_Work instructions_
Copy out every line below without alteration.

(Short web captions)

--------------------------------------------------

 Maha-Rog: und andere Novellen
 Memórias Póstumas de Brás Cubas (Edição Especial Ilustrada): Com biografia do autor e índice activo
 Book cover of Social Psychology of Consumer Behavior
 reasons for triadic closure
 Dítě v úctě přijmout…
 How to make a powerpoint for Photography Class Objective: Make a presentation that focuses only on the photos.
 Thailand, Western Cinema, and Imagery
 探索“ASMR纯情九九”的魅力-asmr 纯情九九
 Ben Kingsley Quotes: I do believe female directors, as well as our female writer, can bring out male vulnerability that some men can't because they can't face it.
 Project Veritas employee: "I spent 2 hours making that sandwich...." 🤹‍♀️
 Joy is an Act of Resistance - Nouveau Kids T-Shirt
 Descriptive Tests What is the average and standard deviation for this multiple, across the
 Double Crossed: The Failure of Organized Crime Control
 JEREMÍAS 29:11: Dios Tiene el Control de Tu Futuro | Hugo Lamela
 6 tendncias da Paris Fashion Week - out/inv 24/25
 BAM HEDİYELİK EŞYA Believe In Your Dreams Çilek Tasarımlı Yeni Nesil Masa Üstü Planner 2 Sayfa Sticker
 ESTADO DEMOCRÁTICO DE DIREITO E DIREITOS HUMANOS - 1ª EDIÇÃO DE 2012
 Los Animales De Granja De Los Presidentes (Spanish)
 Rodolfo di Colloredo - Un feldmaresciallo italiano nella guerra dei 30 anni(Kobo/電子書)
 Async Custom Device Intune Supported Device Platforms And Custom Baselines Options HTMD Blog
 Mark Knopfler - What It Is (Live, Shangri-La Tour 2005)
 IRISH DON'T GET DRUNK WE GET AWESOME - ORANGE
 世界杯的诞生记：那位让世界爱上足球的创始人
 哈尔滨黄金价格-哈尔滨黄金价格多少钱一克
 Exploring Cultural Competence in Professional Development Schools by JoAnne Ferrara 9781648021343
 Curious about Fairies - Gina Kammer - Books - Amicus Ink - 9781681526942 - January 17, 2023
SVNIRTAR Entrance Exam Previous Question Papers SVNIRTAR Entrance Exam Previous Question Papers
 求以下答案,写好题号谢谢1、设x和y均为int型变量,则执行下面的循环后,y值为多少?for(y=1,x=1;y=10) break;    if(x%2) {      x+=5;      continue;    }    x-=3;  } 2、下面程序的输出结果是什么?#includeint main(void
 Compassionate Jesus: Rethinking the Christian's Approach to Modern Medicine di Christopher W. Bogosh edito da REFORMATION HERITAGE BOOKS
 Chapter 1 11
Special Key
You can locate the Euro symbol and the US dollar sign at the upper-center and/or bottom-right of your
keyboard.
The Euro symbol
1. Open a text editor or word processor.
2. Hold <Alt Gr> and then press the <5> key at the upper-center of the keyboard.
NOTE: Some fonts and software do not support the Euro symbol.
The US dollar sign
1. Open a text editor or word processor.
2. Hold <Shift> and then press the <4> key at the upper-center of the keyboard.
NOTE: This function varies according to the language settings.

--------------------------------------------------

_Response to the exercise_
 Maha-Rog: und andere Novellen
 Memórias Póstumas de Brás Cubas (Edição Especial Ilustrada): Com biografia do autor e índice activo
 Book cover of Social Psychology of Consumer Behavior
 reasons for triadic closure
 Dítě v úctě přijmout…
 How to make a powerpoint for Photography Class Objective: Make a presentation that focuses only on the photos.
 Thailand, Western Cinema, and Imagery
 探索“ASMR纯情九九”的魅力-asmr 纯情九九
 Ben Kingsley Quotes: I do believe female directors, as well as our female writer, can bring out male vulnerability that some men can't because they can't face it.
 Project Veritas employee: "I spent 2 hours making that sandwich...." 🤹‍♀️
 Joy is an Act of Resistance - Nouveau Kids T-Shirt
 Descriptive Tests What is the average and standard deviation for this multiple, across the
 Double Crossed: The Failure of Organized Crime Control
 JEREMÍAS 29:11: Dios Tiene el Control de Tu Futuro | Hugo Lamela
 6 tendncias da Paris Fashion Week - out/inv 24/25
 BAM HEDİYELİK EŞYA Believe In Your Dreams Çilek Tasarımlı Yeni Nesil Masa Üstü Planner 2 Sayfa Sticker
 ESTADO DEMOCRÁTICO DE DIREITO E DIREITOS HUMANOS - 1ª EDIÇÃO DE 2012
 Los Animales De Granja De Los Presidentes (Spanish)
 Rodolfo di Colloredo - Un feldmaresciallo italiano nella guerra dei 30 anni(Kobo/電子書)
 Async Custom Device Intune Supported Device Platforms And Custom Baselines Options HTMD Blog
 Mark Knopfler - What It Is (Live, Shangri-La Tour 2005)
 IRISH DON'T GET DRUNK WE GET AWESOME - ORANGE
 世界杯的诞生记：那位让世界爱上足球的创始人
 哈尔滨黄金价格-哈尔滨黄金价格多少钱一克
 Exploring Cultural Competence in Professional Development Schools by JoAnne Ferrara 9781648021343
 Curious about Fairies - Gina Kammer - Books - Amicus Ink - 9781681526942 - January 17, 2023
SVNIRTAR Entrance Exam Previous Question Papers SVNIRTAR Entrance Exam Previous Question Papers
 求以下答案,写好题号谢谢1、设x和y均为int型变量,则执行下面的循环后,y值为多少?for(y=1,x=1;y=10) break;    if(x%2) {      x+=5;      continue;    }    x-=3;  } 2、下面程序的输出结果是什么?#includeint main(void
 Compassionate Jesus: Rethinking the Christian's Approach to Modern Medicine di Christopher W. Bogosh edito da REFORMATION HERITAGE BOOKS
 Chapter 1 11
Special Key
You can locate the Euro symbol and the US dollar sign at the upper-center and/or bottom-right of your
keyboard.
The Euro symbol
1. Open a text editor or word processor.
2. Hold <Alt Gr> and then press the <5> key at the upper-center of the keyboard.
NOTE: Some fonts and software do not support the Euro symbol.
The US dollar sign
1. Open a text editor or word processor.
2. Hold <Shift> and then press the <4> key at the upper-center of the keyboard.
NOTE: This function varies according to the language settings.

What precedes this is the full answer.